山を下りたら雨は止んでいて、ホテルにも迷わず到着。なんか見覚えのある狭い駐車場だと思ったら、以前彦根旅行でお世話になった所だった。下手な店を選ぶより安定してるってことで、夕食はビバシティ彦根の中にあったサイゼ。少し遅い時間帯だったからか、ファミレスなのに落ち着いて過ごせた。飲んで食べて二人で2千円って、相変わらず恐ろしい店だわ。
翌朝、竹生島に行くため、長浜港を目指して琵琶湖沿いの路を進んだんだけど、風が強く湖面に白波が立っている。これじゃ船が出せないんじゃないか。助手席の嫁に確認してもらったら、竹生島ゆきは全日欠航とのこと。ダメか~。当初の計画が無くなってしまった。嫁も楽しみにしていた場所だから残念。近くにあった道の駅、近江母の郷に一旦停めて、どうするか思案する。
……あ、ここまで来たら関ケ原町が近いな。行っていい?と嫁に訊くと、了承してくれた。昨日は花をたくさん見られて嬉しかったから、今日は僕の好きなことしていいと。有り難い。こんな時、日頃から地図を眺めていたことと、行きたい場所を頭に入れておいて良かったとも思った。

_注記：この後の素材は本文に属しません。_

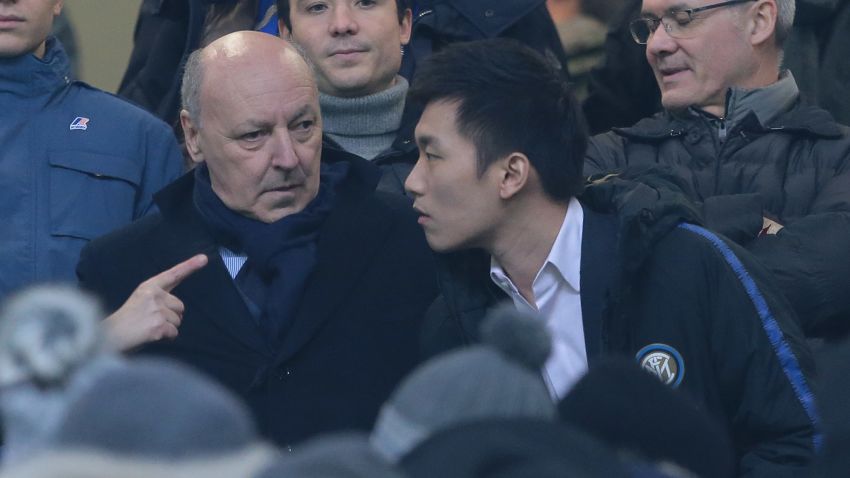 MILAN, ITALY - DECEMBER 15:  FC Internazionale president Steven Zhang (R) speaks with new CEO of FC Internazionale Giuseppe Marotta prior to the Serie A match between FC Internazionale and Udinese at Stadio Giuseppe Meazza on December 15, 2018 in Milan, Italy.  (Photo by Emilio Andreoli/Getty Images )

そんなこんなで関ケ原町歴史民俗資料館へ。JR関ケ原駅のそばを通ったら、至る所に家紋の描かれた旗などが立ち並び、町を挙げて観光に力を入れていることが、ビンビン伝わってきた。資料館には、関ケ原町といえば天下分け目の戦いだろうと寄ってみたのだけど……全然興味が持てない。昔は戦国武将大好きだったのにな、古代に目が向いてからすっかり気持ちが離れちゃったんだな。あっという間に一周して出た。

古代史ファンとして、本来の好きな所へ行こう。それが不破関資料館。入口が小さ過ぎて、一度は通り過ぎてしまったよ。


駐車場の横に、『ピースプレィ不破の関』と掲げられた謎のスペース。不審そうに嫁が顔をしかめた。うん、こっちだけ見たら、確かに胡散臭いよね。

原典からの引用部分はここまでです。